ABOUT THIS EXERCISE:
The listing that follows must be retyped exactly, without its pictures.

DATASET EXCERPT:
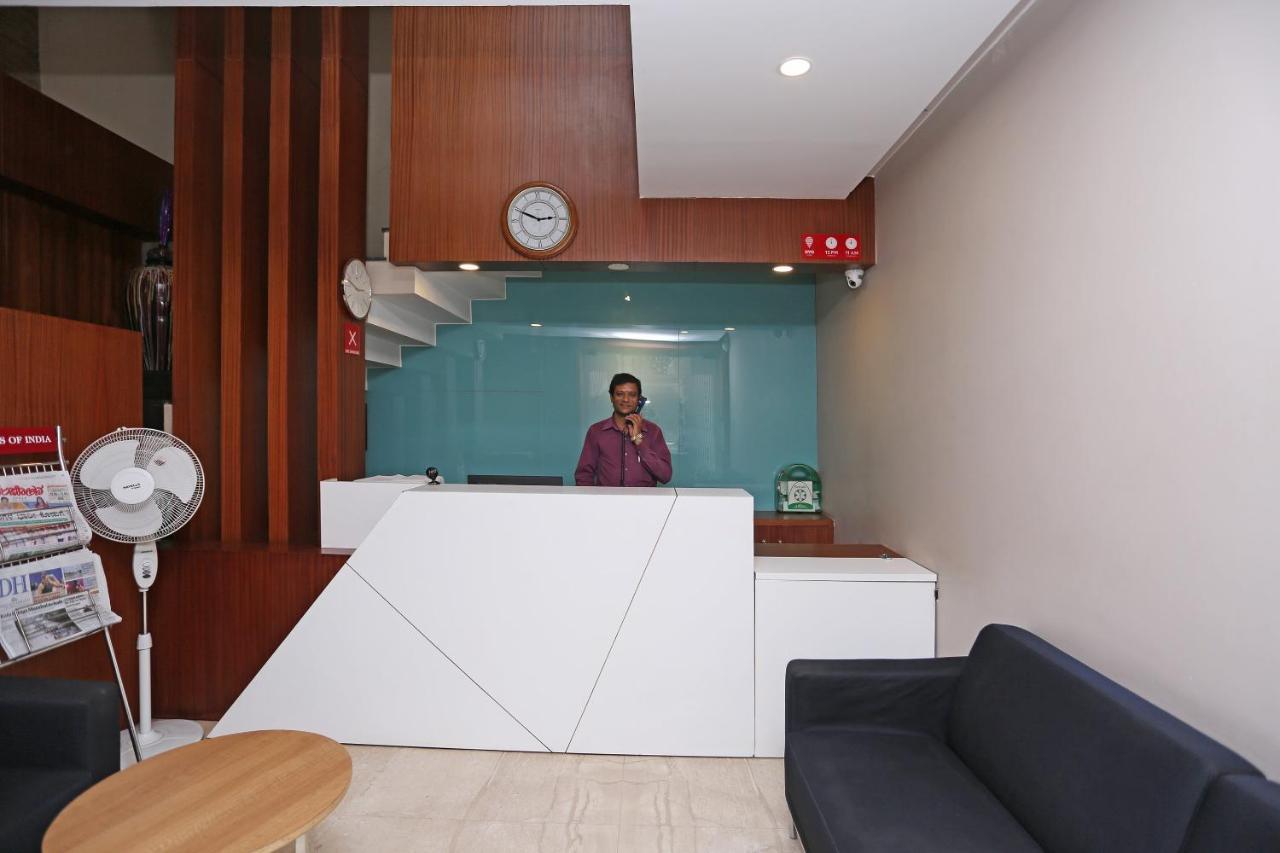 Oyo 6447 Samasth Rooms And Suites Мисор Екстериор снимка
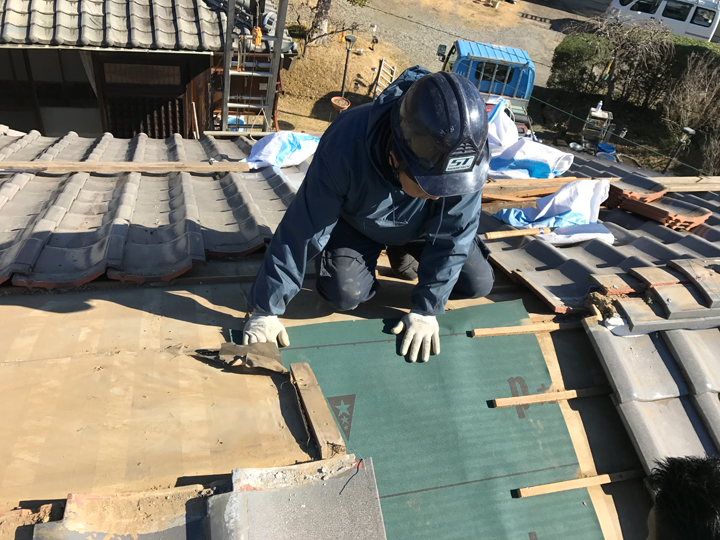 瓦屋根防水紙敷設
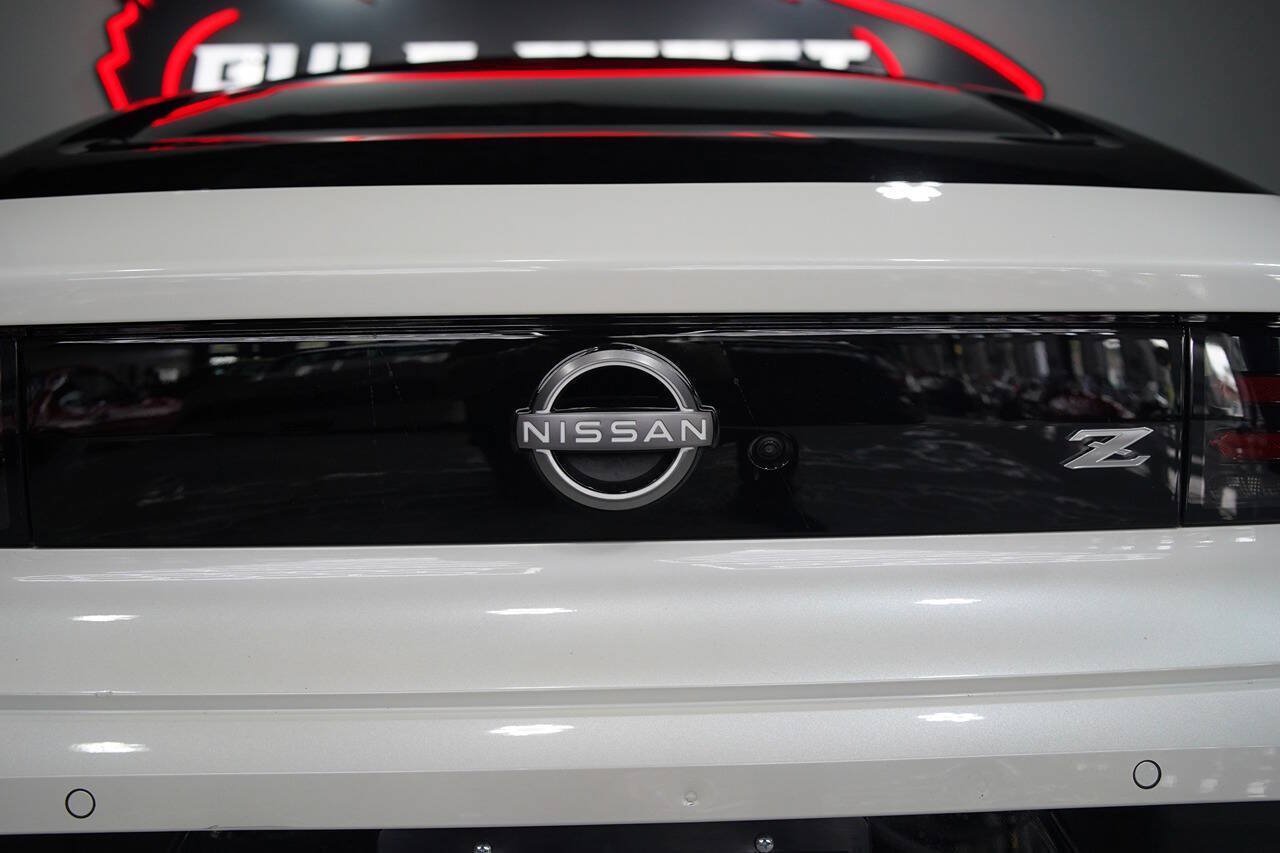 Used 2025 Nissan Z Sport w/ Floor Mat Package RWD image 46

FINISHED TASK:
 Oyo 6447 Samasth Rooms And Suites Мисор Екстериор снимка
 瓦屋根防水紙敷設
 Used 2025 Nissan Z Sport w/ Floor Mat Package RWD image 46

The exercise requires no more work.